The
state-financed health insurance program serving Arkansas state and
public school employees, retirees, and their dependents covers
approximately 130,000 lives. To help plan enrollees lead healthier
lives, ACHI was asked to evaluate and propose health promotion and
disease prevention strategies the health insurance plan could implement
that would ultimately increase employee productivity and health, and
manage the ongoing rise in related healthcare costs. ACHI considered
three critical and sequential components to garner support for linking
financial incentives to premium payments: (1) awareness, (2) support,
and (3) engagement.
Awareness:
ACHI initially developed a Health Risk Assessment (HRA) for the State
and Public School Life and Health Insurance Board for use within the
state employee plan population. The HRA is used to increase member
awareness of health-related lifestyle behaviors. Members voluntarily
self-report lifestyle behaviors in areas such as, tobacco use, obesity,
physical inactivity, safety belt use, and binge drinking.
Support:
Upon
completion, a wellness summary report is generated and provides members
with important health information to assist in moving the member along a
path of personal health management. The report provides resources within
the health plan and across the state that the member can access if they
chose to take a step toward improving their health. The HRA also
provides a means for compiling data to determine which unhealthy
behaviors are most prevalent, and through aggregated analyses, documents
costs incurred in order to support further investment in prevention and
wellness initiatives. Additionally, in an effort to provide a supportive
environment for improved health behaviors, the Board began covering
evidenced-based preventive screenings at a $0 out-of-pocket cost to its
membership.
Engagement:
To engage members in actively participating in this process, EBD
provides financial rewards for healthy behavior.
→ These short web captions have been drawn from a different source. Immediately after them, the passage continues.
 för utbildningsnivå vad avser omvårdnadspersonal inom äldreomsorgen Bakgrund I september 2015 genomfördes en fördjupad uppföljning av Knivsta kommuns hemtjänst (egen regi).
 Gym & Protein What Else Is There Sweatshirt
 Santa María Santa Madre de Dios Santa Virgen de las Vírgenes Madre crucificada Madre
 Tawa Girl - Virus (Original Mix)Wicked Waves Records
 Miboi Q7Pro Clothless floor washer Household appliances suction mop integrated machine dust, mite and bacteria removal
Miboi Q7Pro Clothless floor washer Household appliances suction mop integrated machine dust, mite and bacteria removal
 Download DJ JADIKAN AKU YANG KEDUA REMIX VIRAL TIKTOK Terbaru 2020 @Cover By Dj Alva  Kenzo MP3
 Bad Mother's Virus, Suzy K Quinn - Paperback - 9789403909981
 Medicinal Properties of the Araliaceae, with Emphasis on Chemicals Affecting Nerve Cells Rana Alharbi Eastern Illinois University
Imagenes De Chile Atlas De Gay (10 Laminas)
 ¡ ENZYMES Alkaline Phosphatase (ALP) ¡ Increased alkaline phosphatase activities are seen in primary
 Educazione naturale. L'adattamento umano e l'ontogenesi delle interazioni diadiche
Member’s monthly
insurance premiums are reduced $10 per month for completing the HRA and
additional discounts are offered to individuals with low-to-no health
risks, as identified on the HRA. These financial incentives are not tied
to the actuarial estimates of direct medical cost (i.e. indirect and
direct medical cost of tobacco use). Instead, incentives were set to
offer nominal financial incentives to those leading healthier lifestyles
and thus assisting the plan in minimizing its future health care
liabilities while enhancing the potential of engaging the members in
managing their own health care. In the future, additional personal
behaviors reflecting engagement in risk-management strategies will be
incorporated into the incentive program, (i.e. actual measured
improvements such as weight reduction in obese individuals, or selecting
into an approved health behavior change program).